Exercise instructions -
Set down the entries below exactly, leaving out all images.

Brief descriptive captions:
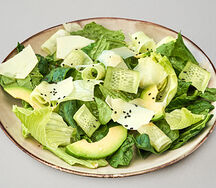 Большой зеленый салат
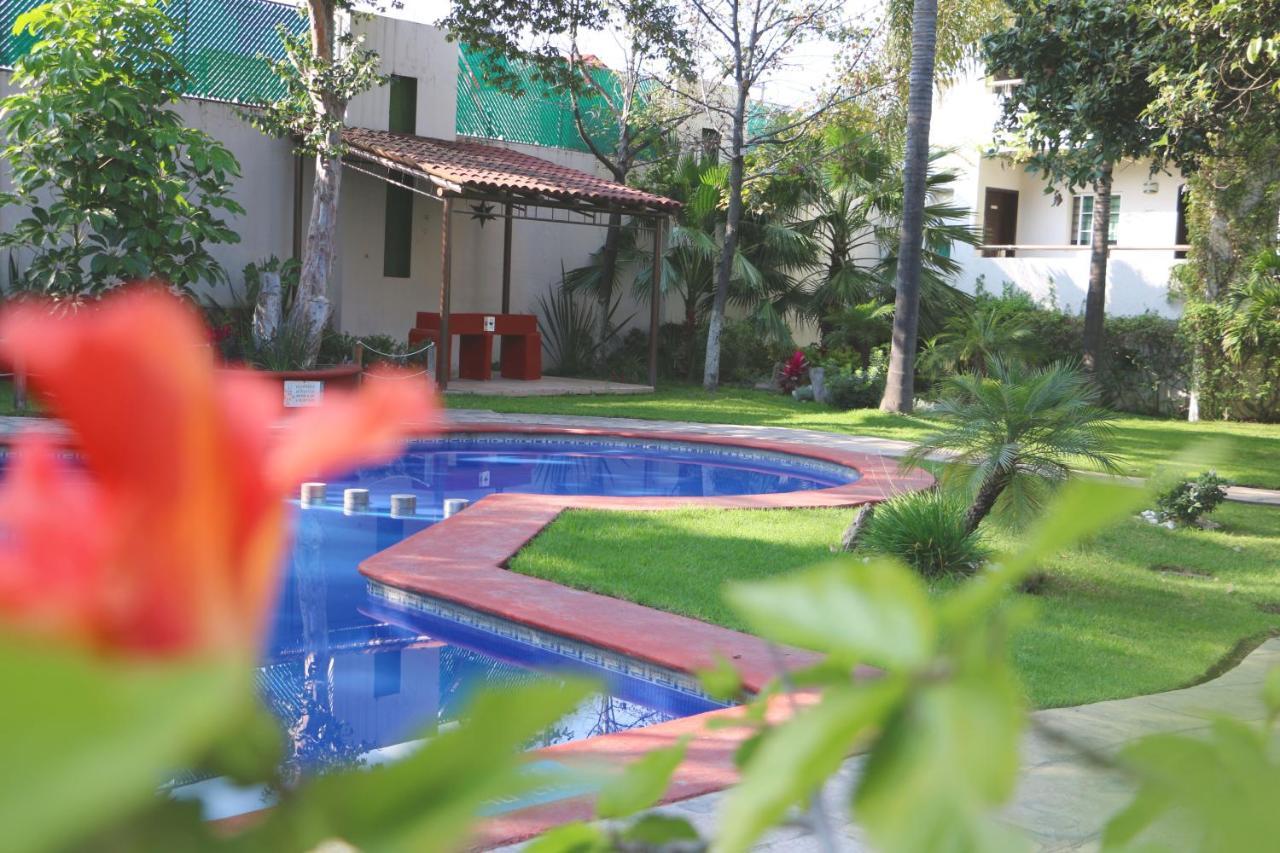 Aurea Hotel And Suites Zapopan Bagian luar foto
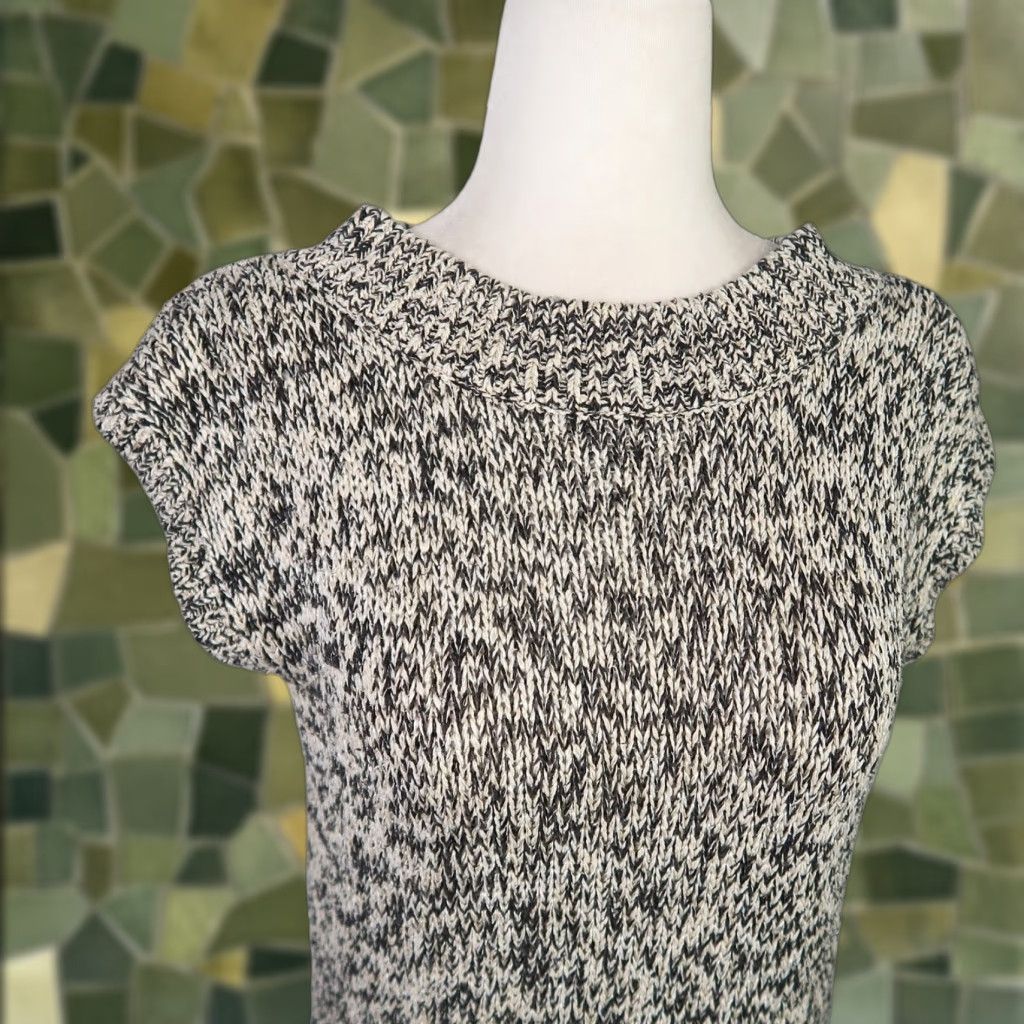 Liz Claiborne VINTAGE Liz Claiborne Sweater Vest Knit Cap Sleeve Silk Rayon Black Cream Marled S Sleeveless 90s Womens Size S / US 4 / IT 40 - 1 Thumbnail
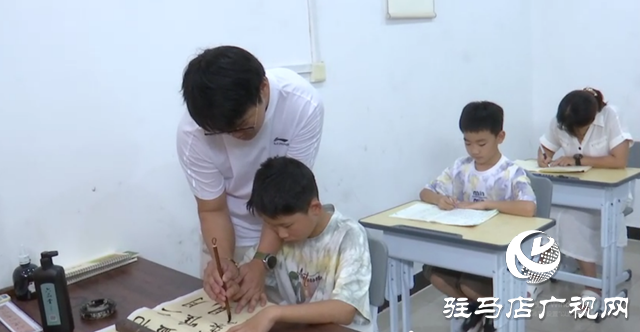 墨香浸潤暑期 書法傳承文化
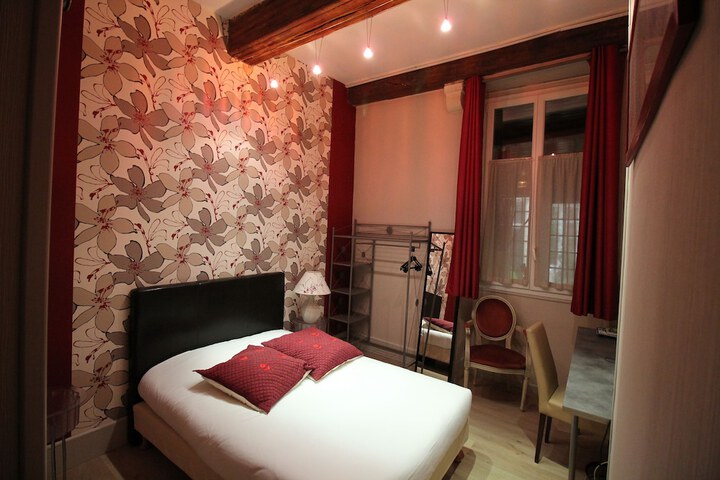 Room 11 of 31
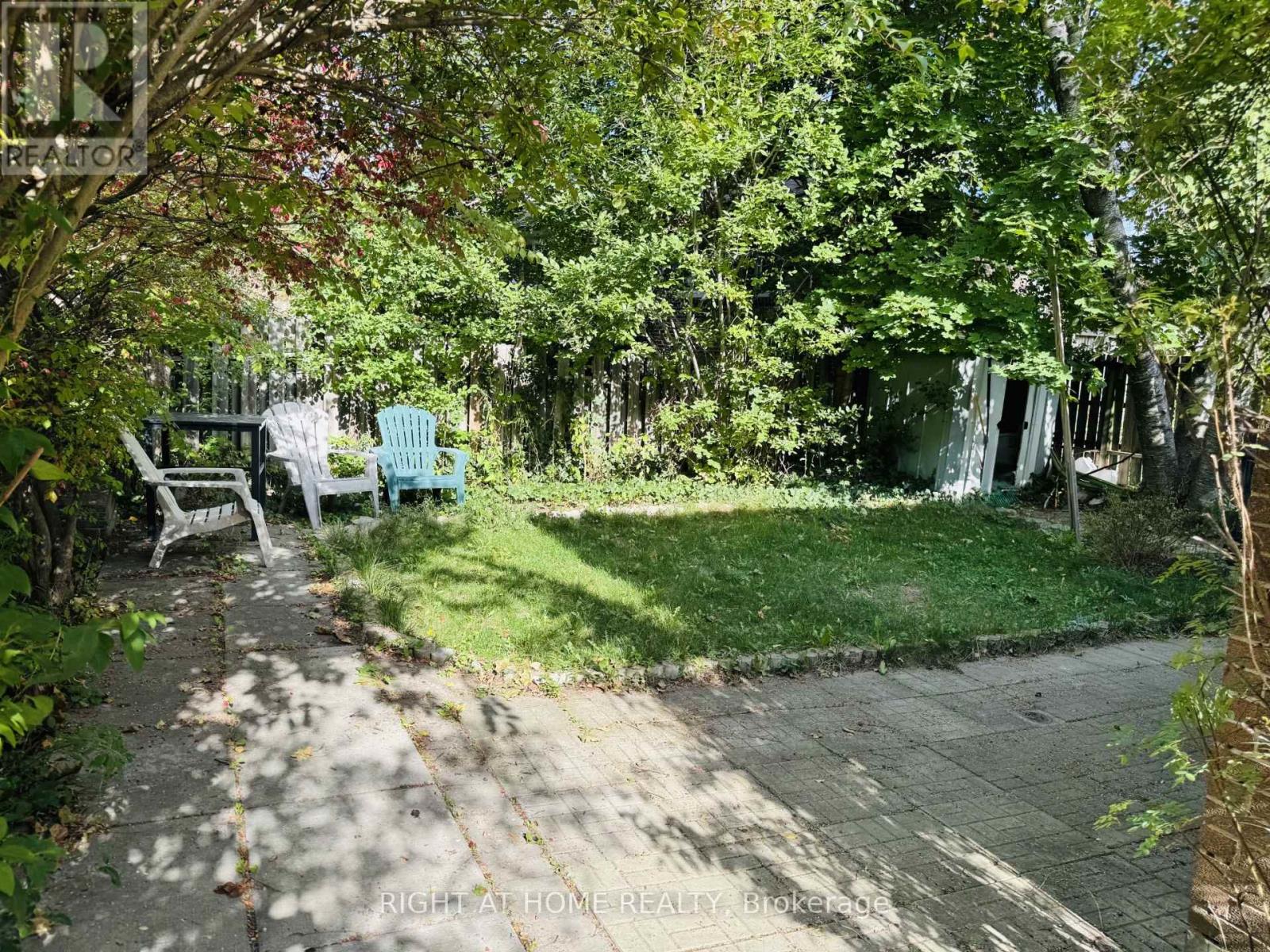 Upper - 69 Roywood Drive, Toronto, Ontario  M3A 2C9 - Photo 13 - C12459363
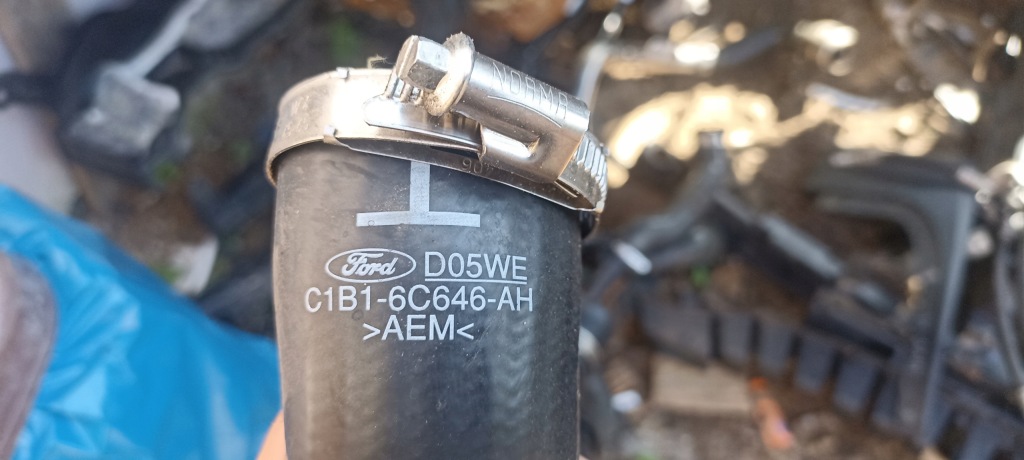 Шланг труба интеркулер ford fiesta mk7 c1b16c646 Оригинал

Exercise response -
 Большой зеленый салат
 Aurea Hotel And Suites Zapopan Bagian luar foto
 Liz Claiborne VINTAGE Liz Claiborne Sweater Vest Knit Cap Sleeve Silk Rayon Black Cream Marled S Sleeveless 90s Womens Size S / US 4 / IT 40 - 1 Thumbnail
 墨香浸潤暑期 書法傳承文化
 Room 11 of 31
 Upper - 69 Roywood Drive, Toronto, Ontario  M3A 2C9 - Photo 13 - C12459363
 Шланг труба интеркулер ford fiesta mk7 c1b16c646 Оригинал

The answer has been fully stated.